I've been using Perl Compatible Regular Expressions (PCRE) for about four years of my web-development. PCRE gurus may scoff at me for not knowing this beforehand, but here is a neat feature of PCRE I discovered today.
You may specify a sub-pattern as non-capturing using PCRE syntax. To do this, use the ?: symbol after the opening parenthesis of the sub-pattern.
Here's the situation that led me to this discovery:
I needed to split a string at any known XHTML tag. To do this properly, I used PHP's preg_split() function. Because I also needed to include the matched tags (split delimiters in this case) in the returned array I specified the PREG_SPLIT_DELIM_CAPTURE flag.
$all_elements = 'div|span|p|ul|ol|li|strong|em|etc...';
$pattern = '/(<\/?(' . $all_elements . ')[^<>]*?>)/i';
$strings = preg_split($pattern, $string, -1, PREG_SPLIT_DELIM_CAPTURE);
The outside sub-pattern is the entire delimiter (tag), which is what I want in the returned array from preg_split(). The inside sub-pattern is only needed to match any XHTML element name. Because there are two sub-patterns, the array returned from preg_split() contains both the entire tag (desired) and the element name (undesired).

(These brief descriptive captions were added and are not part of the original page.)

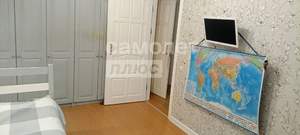 3-к квартира, вторичка, 59м2, 4/5 этаж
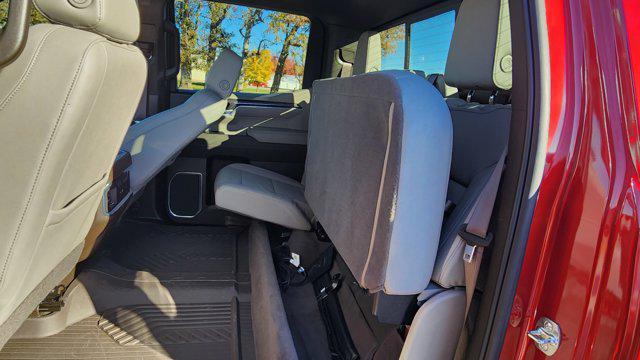 used 2025 Chevrolet Silverado 1500 car, priced at $58,500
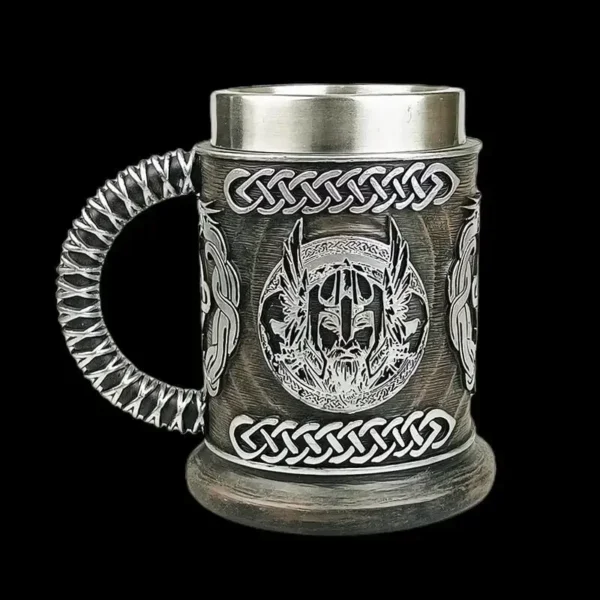 Canecas Guerreiros Vikings diversos 600ml - Imagem 30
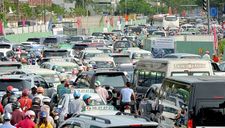 Toàn bộ ô tô, xe máy vào nội đô Hà Nội đều phải nộp phí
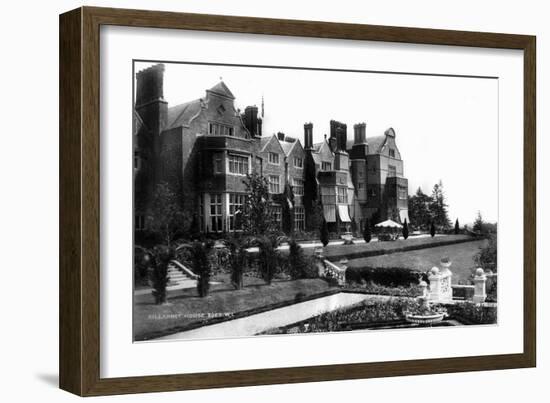 Killarney House, C1882-null-Framed Giclee Print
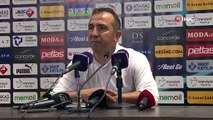 Hatayspor - Kayserispor maçının ardından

Using the optional non-capturing sub-pattern syntax, my pattern looks like this:
$pattern = '/(<\/?(?:' . $all_elements . ')[^<>]*?>)/i';
Using the revised pattern, my code works as intended; only the full tag match is returned in the split array. This feature turned out to be quite useful for me. I imagine this feature will be useful anywhere that a sub-pattern containing branch syntax is used inside a larger pattern, and the larger pattern needs to be captured.
Comments
Mike Gauthier - April 5, 2007 2:00 AM
As a side note to this post, the code that needed this was the SwatString class from Swat.